From Queries to Cards: Re-ranking Proactive Card Recommendations Based on Reactive Search History

Proceedings of the ACM International Conference on Research and Development in Information Retrieval (SIGIR2015) |

Published by ACM - Association for Computing Machinery

Publication

The growing accessibility of mobile devices has substantially reformed the way users access information. While the reactive search by query remains as common as before, recent years have witnessed the emergence of various proactive systems such as Google Now and Microsoft Cortana. In these systems, relevant content is presented to users based on their context without a query. Interestingly, despite the increasing popularity of such services, there is very little known about how users interact with them.

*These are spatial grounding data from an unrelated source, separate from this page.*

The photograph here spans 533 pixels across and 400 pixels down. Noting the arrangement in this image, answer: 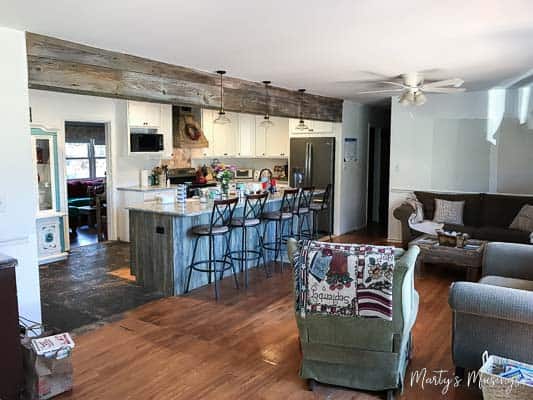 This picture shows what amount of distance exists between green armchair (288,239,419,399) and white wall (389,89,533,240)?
4.69 metres

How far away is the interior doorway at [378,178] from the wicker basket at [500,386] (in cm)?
674

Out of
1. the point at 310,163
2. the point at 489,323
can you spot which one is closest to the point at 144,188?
the point at 310,163

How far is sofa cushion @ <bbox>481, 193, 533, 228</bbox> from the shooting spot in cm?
638

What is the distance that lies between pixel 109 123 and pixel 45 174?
4.65 ft

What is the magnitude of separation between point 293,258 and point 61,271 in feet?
13.1

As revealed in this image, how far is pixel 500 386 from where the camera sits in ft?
7.80

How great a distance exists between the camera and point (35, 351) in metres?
2.76

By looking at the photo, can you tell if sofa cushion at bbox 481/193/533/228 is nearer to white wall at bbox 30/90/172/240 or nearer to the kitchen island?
the kitchen island

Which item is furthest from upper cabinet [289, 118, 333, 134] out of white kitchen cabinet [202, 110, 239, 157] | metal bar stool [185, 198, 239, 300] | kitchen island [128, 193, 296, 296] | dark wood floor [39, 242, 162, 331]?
dark wood floor [39, 242, 162, 331]

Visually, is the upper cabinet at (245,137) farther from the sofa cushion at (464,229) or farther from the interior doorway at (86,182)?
the sofa cushion at (464,229)

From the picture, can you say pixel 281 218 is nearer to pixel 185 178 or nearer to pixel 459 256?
pixel 459 256

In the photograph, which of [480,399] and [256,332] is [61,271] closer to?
[256,332]

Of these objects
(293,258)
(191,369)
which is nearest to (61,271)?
(191,369)

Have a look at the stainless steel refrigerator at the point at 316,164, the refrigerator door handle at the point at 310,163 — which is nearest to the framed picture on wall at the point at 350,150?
the stainless steel refrigerator at the point at 316,164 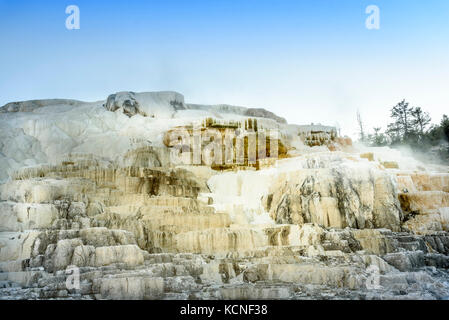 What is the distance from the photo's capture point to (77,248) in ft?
18.8

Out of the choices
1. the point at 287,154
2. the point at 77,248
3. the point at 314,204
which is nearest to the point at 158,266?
the point at 77,248

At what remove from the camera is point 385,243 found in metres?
6.99

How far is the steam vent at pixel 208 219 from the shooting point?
17.9 feet

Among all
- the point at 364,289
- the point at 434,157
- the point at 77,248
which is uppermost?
the point at 434,157

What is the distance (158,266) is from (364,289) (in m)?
2.40

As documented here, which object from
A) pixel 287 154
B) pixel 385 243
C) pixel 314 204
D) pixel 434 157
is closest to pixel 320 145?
pixel 287 154

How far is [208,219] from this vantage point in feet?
25.6

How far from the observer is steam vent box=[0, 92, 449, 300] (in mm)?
5453

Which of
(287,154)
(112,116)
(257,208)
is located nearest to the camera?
(257,208)

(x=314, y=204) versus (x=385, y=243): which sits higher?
(x=314, y=204)

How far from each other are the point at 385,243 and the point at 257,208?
8.44 feet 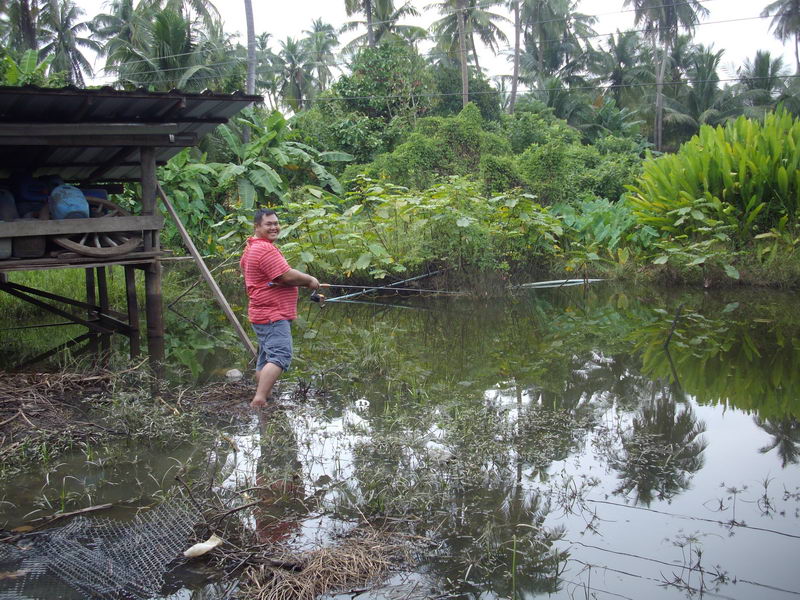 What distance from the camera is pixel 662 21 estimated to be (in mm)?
35625

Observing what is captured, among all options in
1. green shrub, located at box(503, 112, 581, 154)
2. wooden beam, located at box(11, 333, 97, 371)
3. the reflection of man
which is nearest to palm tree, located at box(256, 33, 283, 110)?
green shrub, located at box(503, 112, 581, 154)

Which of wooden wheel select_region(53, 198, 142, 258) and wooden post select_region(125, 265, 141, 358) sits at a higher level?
wooden wheel select_region(53, 198, 142, 258)

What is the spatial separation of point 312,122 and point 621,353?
17076 millimetres

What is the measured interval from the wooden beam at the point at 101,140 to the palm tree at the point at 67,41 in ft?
90.9

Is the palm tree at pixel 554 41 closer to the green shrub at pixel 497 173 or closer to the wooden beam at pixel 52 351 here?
the green shrub at pixel 497 173

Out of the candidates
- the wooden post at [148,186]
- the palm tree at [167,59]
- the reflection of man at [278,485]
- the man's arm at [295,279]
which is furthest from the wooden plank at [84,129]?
the palm tree at [167,59]

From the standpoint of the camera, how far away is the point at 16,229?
670cm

In this paper, we present the first study on user interactions with information cards. We demonstrate that the usage patterns of these cards vary depending on time and location. We also show that while overall different topics are clicked by users on proactive and reactive platforms, the topics of the clicked documents by the same user tend to be consistent cross-platform. Furthermore, we propose a supervised framework for re-ranking proactive cards based on the user’s context and past history. To train our models, we use the viewport duration and clicks to infer pseudo-relevance labels for the cards. Our results suggest that the quality of card ranking can be significantly improved particularly when the user’s reactive search history is matched against the proactive data about the cards.